**TASK PROMPT:**
Every line of the material is to be returned verbatim. Pictures stay out.

**EXERCISE DATA:**
● ● ● ●

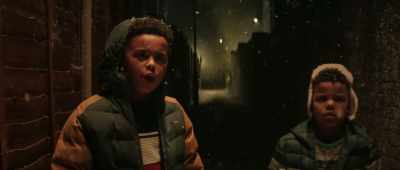 - What's it worth, 'Gilet'?
- Yeah, what's it worth? - Your Christmas or Mine?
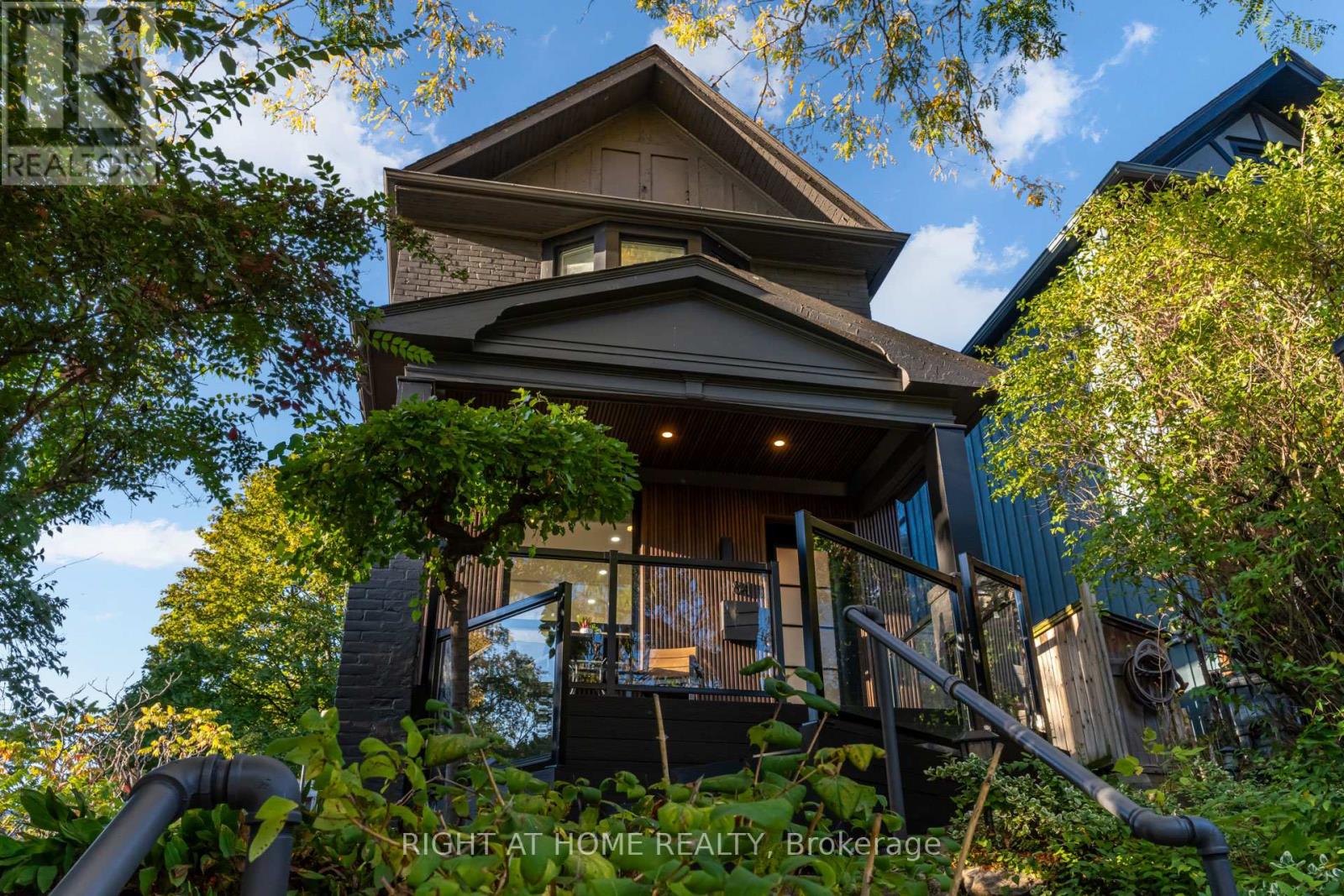 84 Boultbee Avenue, Toronto, Ontario  M4J 1B3 - Photo 2 - E12459468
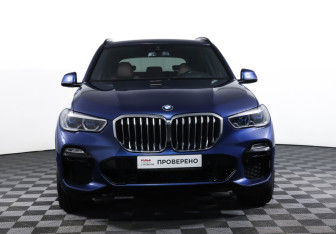 Подержанный автомобиль BMW X5 2021 года (2 фото)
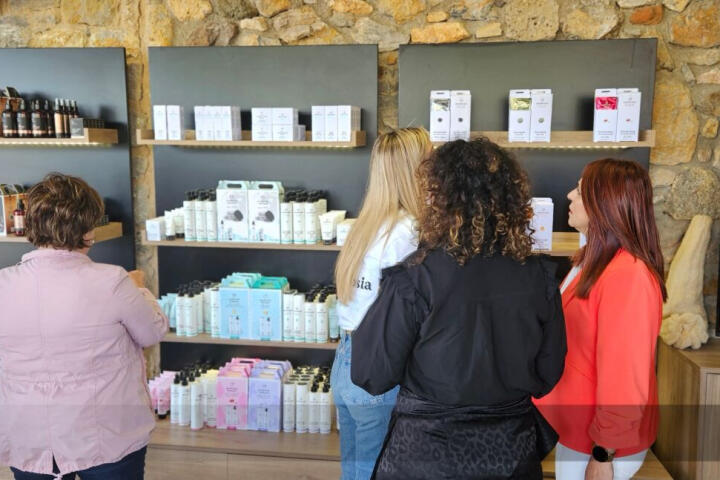 AegeanNews - Ένα ευχάριστο σαββατιάτικο πρωινό, με τη γνωριμία των νέων προϊόντων της Pandrosia!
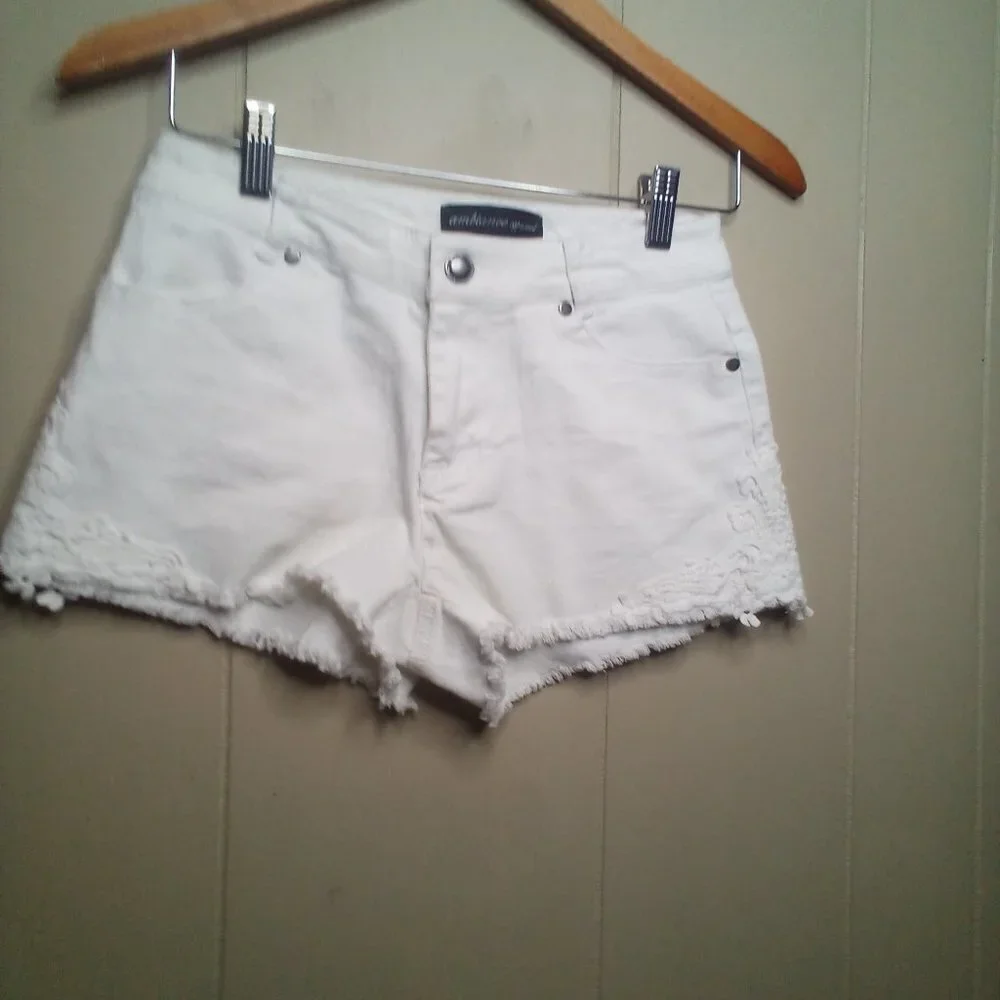 Ambiance Apparel Denim Shorts S Embroidered Raw Hem White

● ● ● ●

**SOLUTION TO THIS PROBLEM:**
 - What's it worth, 'Gilet'?
- Yeah, what's it worth? - Your Christmas or Mine?
 84 Boultbee Avenue, Toronto, Ontario  M4J 1B3 - Photo 2 - E12459468
 Подержанный автомобиль BMW X5 2021 года (2 фото)
 AegeanNews - Ένα ευχάριστο σαββατιάτικο πρωινό, με τη γνωριμία των νέων προϊόντων της Pandrosia!
 Ambiance Apparel Denim Shorts S Embroidered Raw Hem White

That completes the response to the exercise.